12-06-2013 03:26 PM
Within our environment, our VM admin is using vRanger to backup the VMs (not his nor my choice--we do have our own VMs that we are able to back up using NetBackup Enterprise Server 7.5.0.5), but they want the vRanger image files backed up. I am able to back up the image files successfully upon incremental backups, but with full backups, they fail with status 13 or status 24 after going over 21 hours. I want to split the backups up, but the vRanger is on a Windows Server 2008R2 machine, which saves the images to the E: drive with part of the VM name in the field. Most of the VMs have a standard prefix for the site, but there are a few that do not have the same:
e.g.
sitehost1
sitehost2
sitehost3
annoyingname
someothername
With only a few of these, I would be able to do a simple globular expression, but there are about 80% with the site name and 20% without and over 100 VMs, which makes doing a globular expression for the backup selection (or exclude list) a chore. Beyond that, if a new VM is spun up, I have no way of guaranteeing that the new VM's image is backed up. I'm doing this per policy, but would it be better to set up User backup and have the vRanger launch a backup once it's completed the image? Or is there a better way to select the VM images to back up?
Thanks for your time, thought, and contribution.
NBU Master: 7.5.0.5 on Solaris 10
Solved! Go to Solution.
12-08-2013 02:48 AM
Hi,
Is vRanger logging the file names it created during the backup? If it is and you can access that file you could write something that runs through the files and then creates backup jobs in batches. A policy would need to exist for it to run against.
Thanks
Riaan
12-06-2013 11:33 PM
1) creating mulitple Directories in the E dirve with respective to site name or application name.... or some other common paramenter and backup them up with superate streams would be in the one option.

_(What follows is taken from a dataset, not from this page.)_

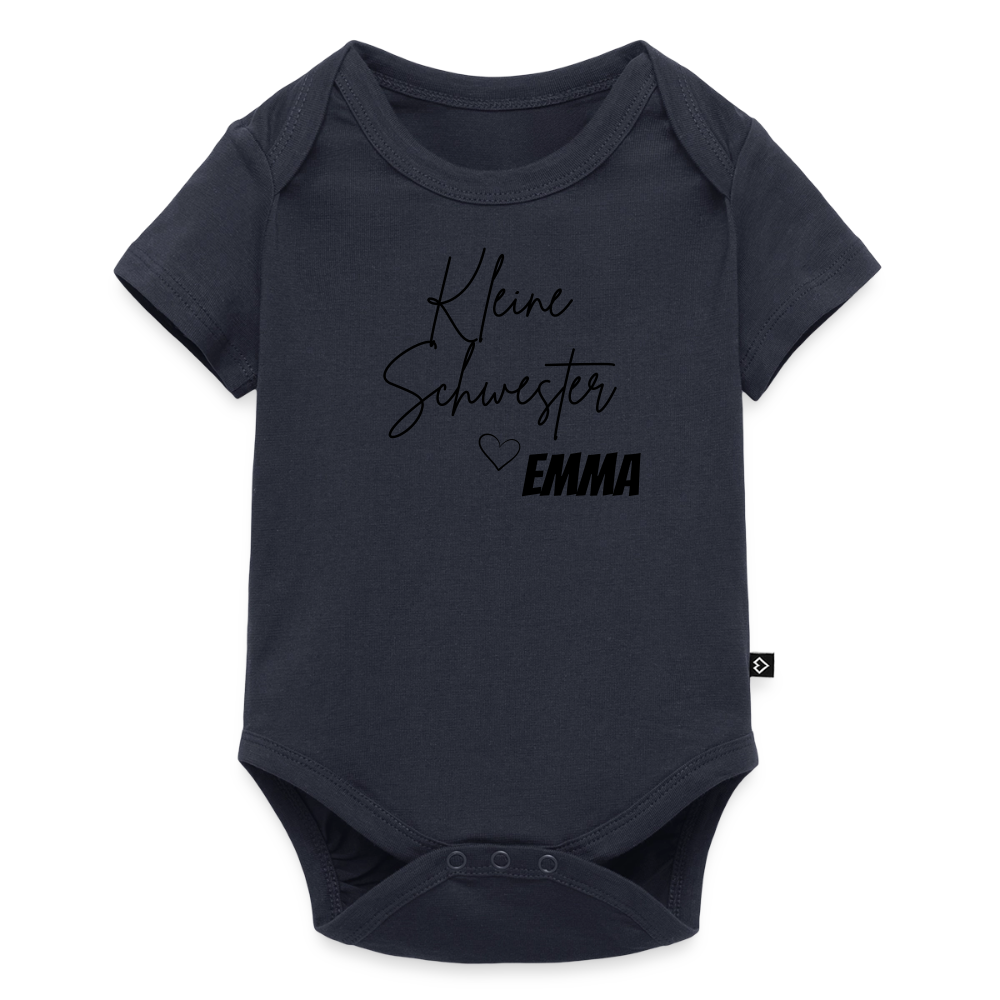 Baby Bio-Kurzarm-Body - Navy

2) creatating the user-schedule and let the VMs admins to trigger the backup once Vranger compleated the backup.. they can also also automate it by using the 3rd party schedulers..
12-08-2013 02:48 AM
Hi,
Is vRanger logging the file names it created during the backup? If it is and you can access that file you could write something that runs through the files and then creates backup jobs in batches. A policy would need to exist for it to run against.
Thanks
Riaan
12-11-2013 09:27 AM
The first option would require the VM/vRanger admin to do some kind of intervention, which I don't think they would want to do at this stage. The second one is feasible and might have some push-back on the admins, but I might be able to get them to do it if I can show the benefits.
12-11-2013 09:32 AM
I was thinking something similar to your solution, like a pre- and post- script, but it felt kind of "kludgey" (not that it necessarily is). It doesn't necessarily log the files, but I have asked that the drive be shared out, so I could also track changes using my own server, instead of installing scripts on theirs, generating the policies' client lists daily. This also feels kludgey.